The explosion occurred after Russia hammered cities across Ukraine with missiles on Tuesday, attacks that Kyiv said were the heaviest wave of missile strikes nearly nine months into its invasion of its neighbour. Some hit the western city of Lviv, less than 80km from the border with Poland.

The explosion was in Przewodow, a village in eastern Poland about 6km from the border with Ukraine, firefighters said. Media reports said the strike hit a grain-drying facility.

Poland is a member of the North Atlantic Treaty Organisation (Nato) Western military alliance. Members of Nato are committed to collective defence, so a Russian strike on Poland could risk widening the conflict between Russia and Ukraine, which began with Moscow’s invasion in February.

A Nato official said the alliance was looking into the report and was closely coordinating with Poland.

Germany and Canada said they were monitoring the situation, and the European Union, the Netherlands and Norway said they were seeking more details. French President Emmanuel Macron ordered a verification effort.

Mr Fabrice Pothier, former head of policy planning in the Nato secretary-general’s office, told Sky TV that it was too early to say whether the possible strike was intentional or accidental.

But the events were enough to trigger Nato’s Article 4 under which Poland would call a Nato meeting “to consult each other, to assess the threat and to take concrete action”, Mr Pothier said. Nato ambassadors were due to hold a regular weekly meeting on Wednesday.

The Associated Press earlier cited a senior US intelligence official as saying the blast was due to Russian missiles having crossed into Poland.

Russia’s defence ministry said no strikes occurred against targets near the Ukrainian-Polish border that had been carried out by Russian weapons, IFX news agency reported.

In Washington, the Pentagon said it could not confirm Russian missiles had landed on Polish territory.

“We are aware of the press reports alleging that two Russian missiles have struck a location inside Poland near the Ukraine border. I can tell you that we don’t have any information at this time to corroborate those reports and are looking into this further,” Pentagon spokesman Patrick Ryder said.

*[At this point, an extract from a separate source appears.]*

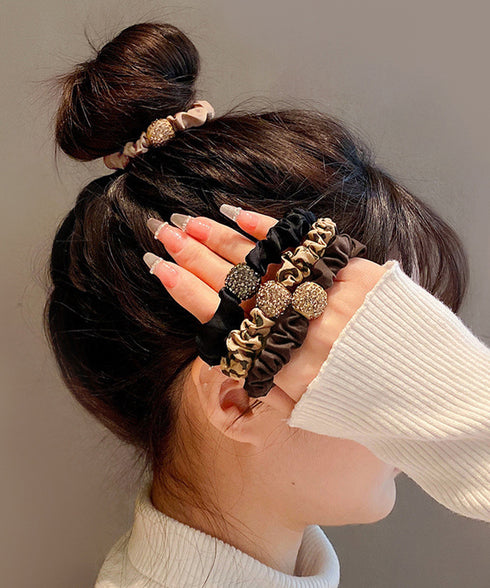 キラキラボール付きシュシュゴム4色セット 華やかなラインストーンボールシュシュ サテンヒョウ柄スリムヘアゴム まとめ髪アレンジ 大人可愛い 韓国風ヘアアクセサリー 86LQINWEN-001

Polish Prime Minister Mateusz Morawiecki called an urgent meeting of a government committee for national security and defence affairs on Tuesday night, Nato spokesman Piotr Muller said on Twitter.

Polish Radio ZET reported that two stray missiles hit Przewodow, killing two people, without elaborating.

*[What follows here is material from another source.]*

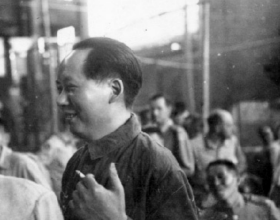 1945年重慶談判，毛主席提出整編16個軍，蔣介石：最多保留12個師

“Firefighters are on the spot, it’s not clear what has happened,” said Mr Lukasz Kucy, an officer on duty at a nearby firefighters’ post.

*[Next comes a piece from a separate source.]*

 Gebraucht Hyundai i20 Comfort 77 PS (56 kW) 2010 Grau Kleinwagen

Air raid sirens blared and explosions rang out in nearly a dozen major Ukrainian cities, echoing a pattern in recent weeks of Moscow lashing out far from the front after losses on the battlefield, most recently the major southern city of Kherson.

Russia had launched 110 missiles and 10 Iranian-made attack drones into Ukraine by early evening, Ukraine’s armed forces general staff said.

Ukrainian President Volodymyr Zelensky said the main target of the missile flurry was energy infrastructure, as before.

“It’s clear what the enemy wants. He will not achieve this,” he said in a video address on the Telegram messaging app. The capital Kyiv has said such strikes only stiffen its resolve to repel Russian forces that invaded in February.

In Kyiv, flames funnelled out of a five-storey apartment block after being hit by what residents said appeared to be shot-down pieces of missile. The emergency service said one person was confirmed killed and another injured. Kyiv’s mayor said half the capital was left without electricity.

Other strikes or explosions were reported in cities ranging from Lviv and Zhytomyr in the west to Kryvy Rih in the south and Kharkiv in the east. Regional officials reported that some of the attacks had knocked out electricity, water and heating.

The attacks had left millions of Ukrainians without energy in 16 of the country’s 24 regions including Kyiv, said the United Nations humanitarian office (OCHA) said.

“The damage to civilian infrastructure comes at a critical time when the temperature is dropping below zero, raising concerns about a serious humanitarian crisis during the harsh Ukrainian winter if people are unable to heat their homes.”

Bunkers abandoned

Just four days ago, Russian troops abandoned Kherson city in the south, the only regional capital Moscow had captured since its invasion, and six weeks after President Vladimir Putin declared it an eternal part of Russia.

Moscow had said last week its troops would occupy positions easier to defend on the opposite bank of the Dnipro River that bisects Ukraine. But video images filmed in the town of Oleshky, across a collapsed bridge from Kherson, appeared to show Russian forces had vacated their bunkers there too.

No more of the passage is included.